The European Union (EU) is expecting the UK to pay an extra £10 billion towards the so-called Brexit ‘divorce bill’ to cover the rapidly increasing cost of Eurocrats’ generous pensions.
Newly revealed EU accounts show the cost of pension liabilities for Brussels officials rose by 5.4 per cent last year to €67.2 billion (£59 billion). The figure has more than doubled in the past decade.
The huge cost is expected to be one of the largest parts of the so-called Brexit ‘divorce bill’ that Brussels is demanding the UK pays before talks can proceed.

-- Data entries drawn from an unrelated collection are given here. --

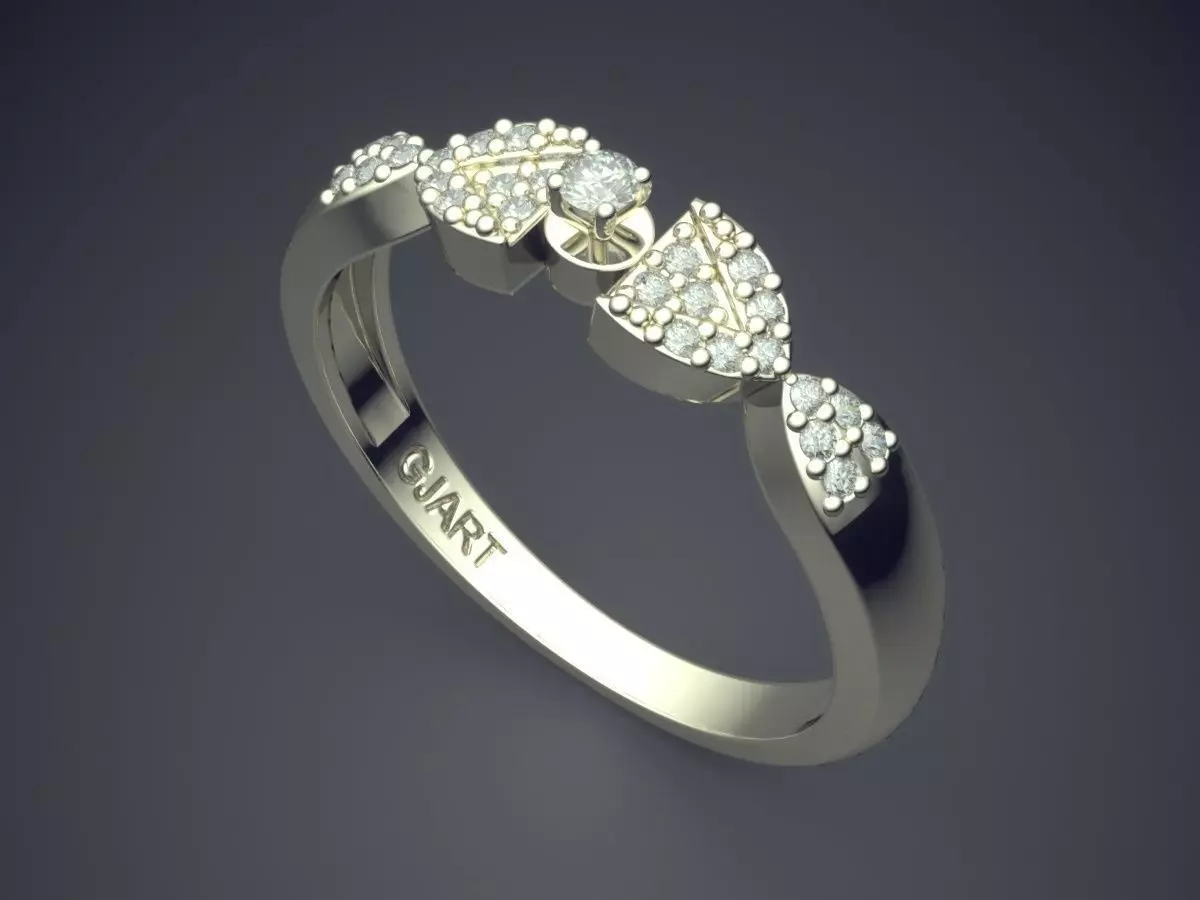 Detailed Ring With Diamonds Gjart A-84 3D print model_1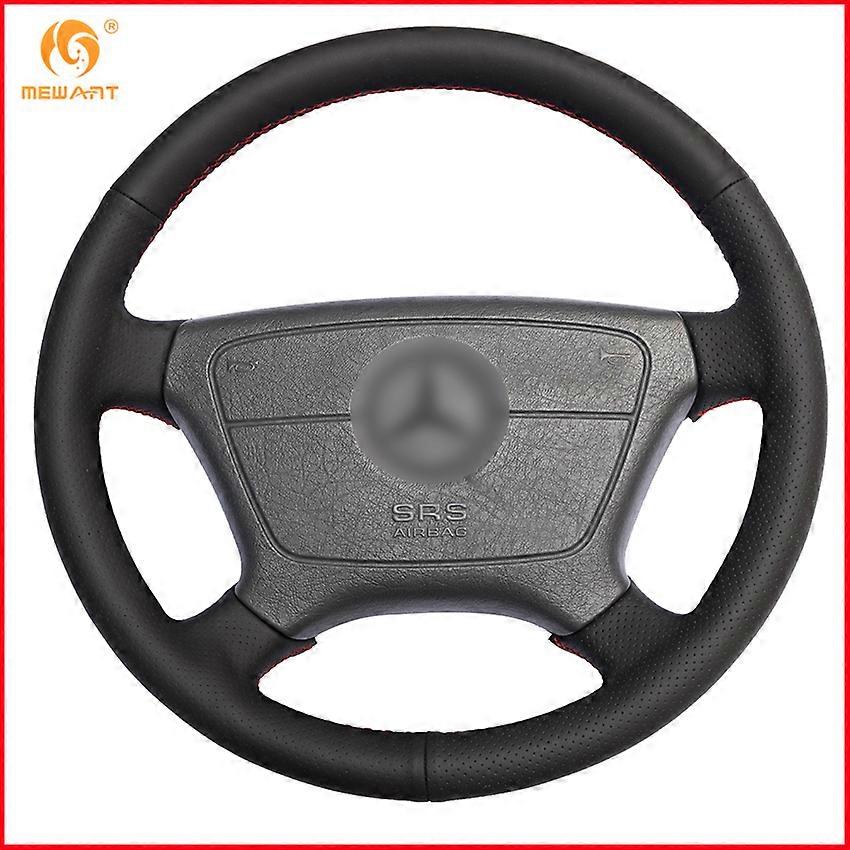 שחור עור אמיתי כיסוי הגה לרכב מרצדס בנץ E-Class W210 E 200 240 280 320 1995-2002 W140 S320 350 420 1991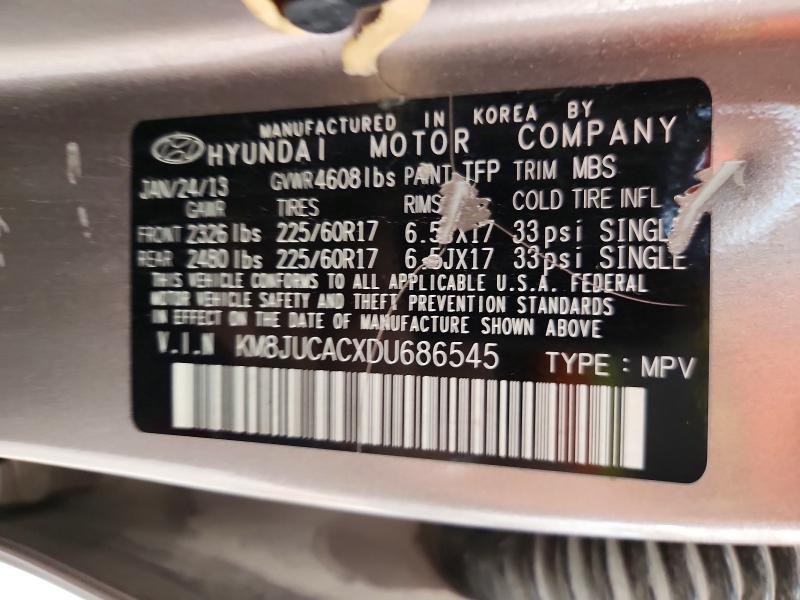 Aukcja sprzedaży 2013 Hyundai Tucson, vin: KM8JUCACXDU686545, numer aukcji: 51410166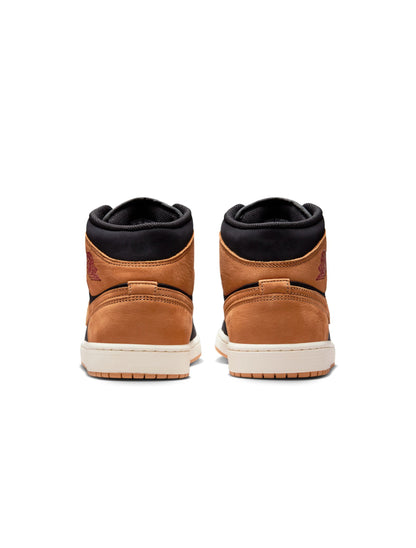 Air Jordan Mens 1 Mid SE - Black/Flax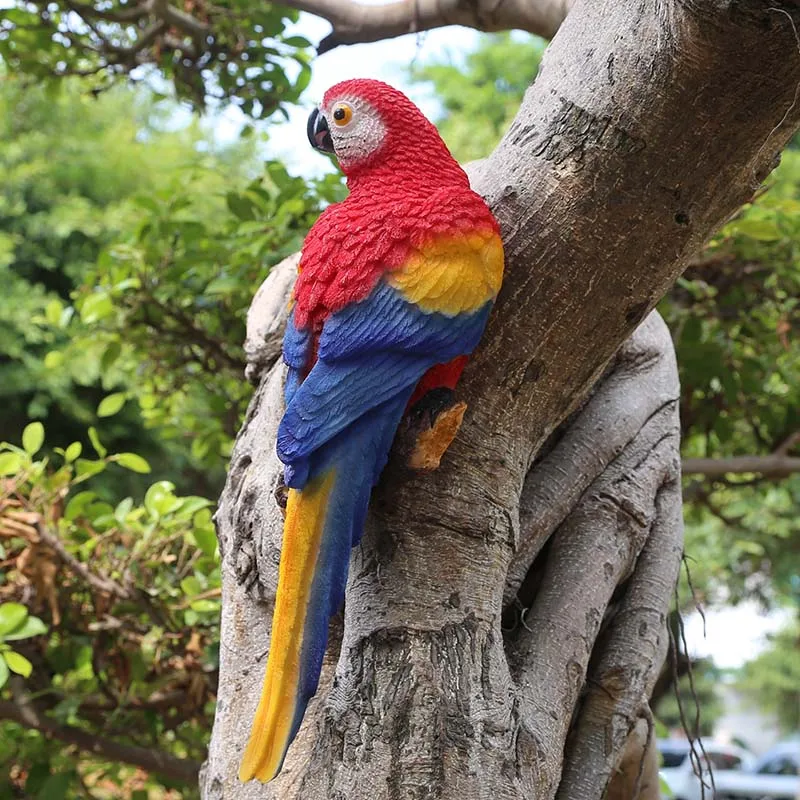 

Outdoor Hand Paint Resin Parrot Statues Red Yellow Small Middle For Home Garden Countryside Decoration Animal Sculptures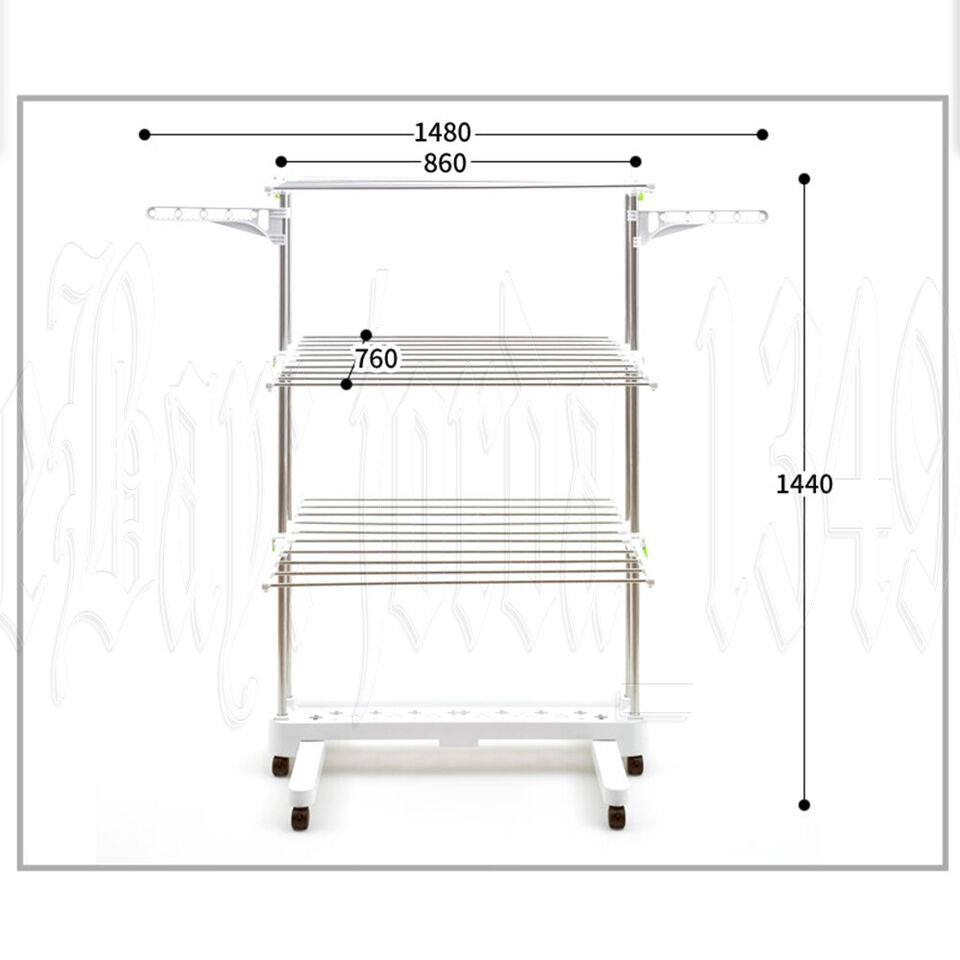 Premium Large Foldable Rolling Clothes Rack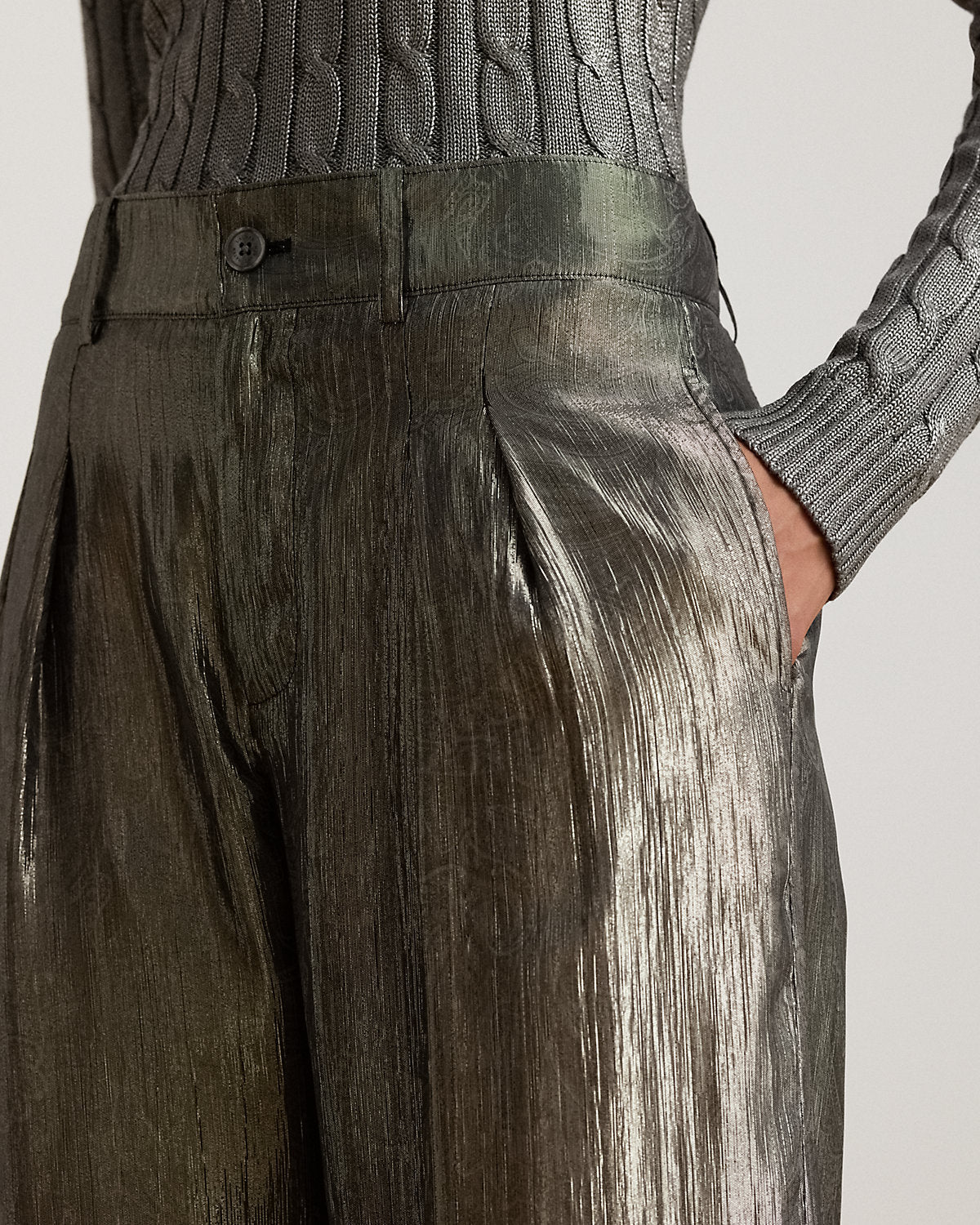 Paisley Metallic Crinkle Jogger Pant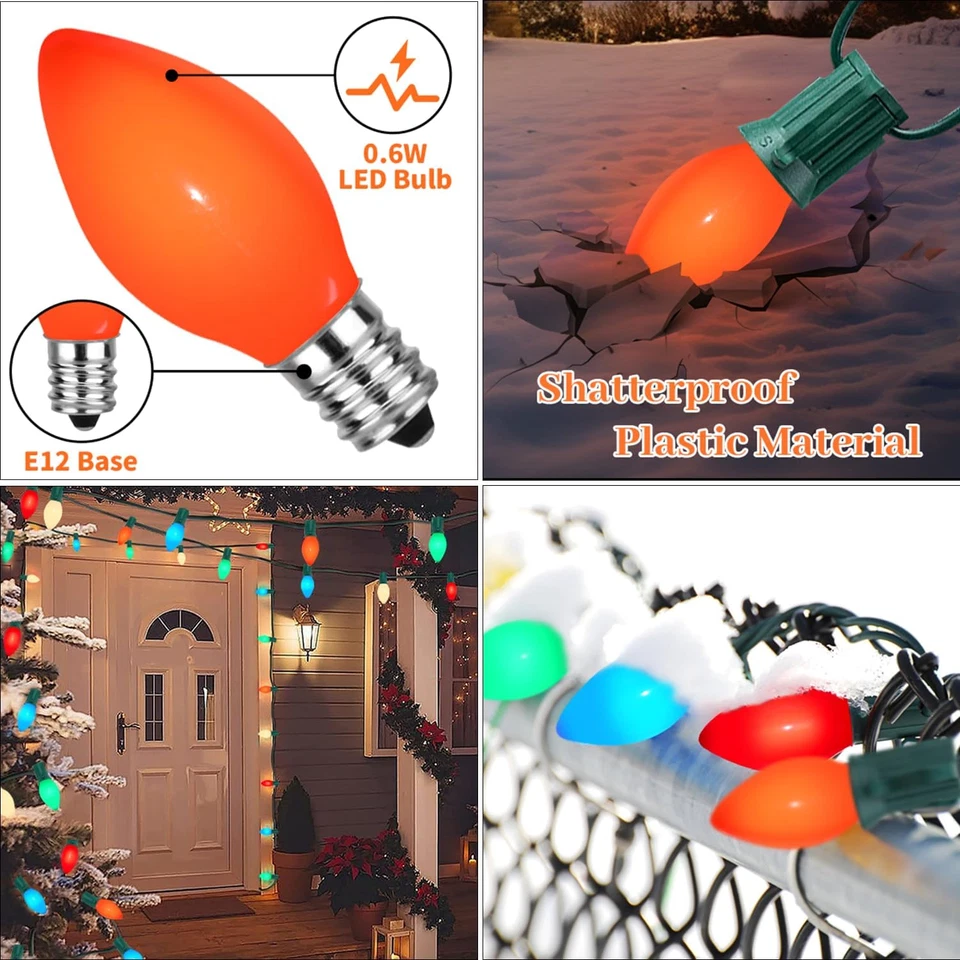 25 Pack C7 LED Christmas Light Bulbs Multicolor E12 Base Vintage Replacement Bul - Image 4 of 4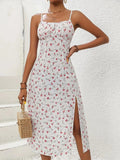 Vestido Midi Floral Boêmio sem Manga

A diplomat with a close relationship to Brexit talks discussed the impact of the new bill on British citizens. Speaking to The Times, the official blasted: “Paying pensions for Eurocrats after Brexit is going to be one of the most resented divorce costs.
“A lot of people are worried it will be too much for the British public to swallow.”
The average Eurocrat retires at 62 years old and receives a pension of up to £46,000 a year. The average Briton receives a pension worth £18,100 a year.
Just this week, Michael Barnier, the European Commission’s chief negotiator, reiterated his position that his team will block talks on a trade deal with the UK unless a commitment to cover supposed budget liabilities, including pensions, is made.
In a statement last Thursday, UKIP’s interim leader Steve Crowther said the EU was holding the UK to “ransom”, forcing Britain to “buy the right to continue negotiating”.
On the 18th of September, it was reported that the prime minister is preparing to cave to EU demands and offer £30 billion with “almost unanimous” support from her Tory cabinet.
However, Sir Bill Cash, Conservative MP for Stone and chairman of the Commons European scrutiny committee, said that the government must not give in to “airy fairy” Brussels demands based on generous pay and perks for officials.
“This is a wake-up call for those encouraging a hopelessly generous deal with the EU,” he said. “It is not in Britain’s national interest to make payments driven by the EU’s administrative largesse. We need a mutually agreed and published statement of obligations in black and white so the public can make a judgment.”